(Information shown)
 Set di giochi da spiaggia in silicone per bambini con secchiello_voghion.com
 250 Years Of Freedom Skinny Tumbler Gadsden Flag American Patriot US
(End Information shown)
(Information shown)
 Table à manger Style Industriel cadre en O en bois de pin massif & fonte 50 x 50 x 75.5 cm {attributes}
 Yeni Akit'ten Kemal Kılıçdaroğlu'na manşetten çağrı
(End Information shown)
* [Assignment] Please transcribe only the lines in the records above running from the line that has "Table à manger" through the line that has "Yeni Akit'ten Kemal", both included, exactly as they appear.

* [Answer space]
 Table à manger Style Industriel cadre en O en bois de pin massif & fonte 50 x 50 x 75.5 cm {attributes}
 Yeni Akit'ten Kemal Kılıçdaroğlu'na manşetten çağrı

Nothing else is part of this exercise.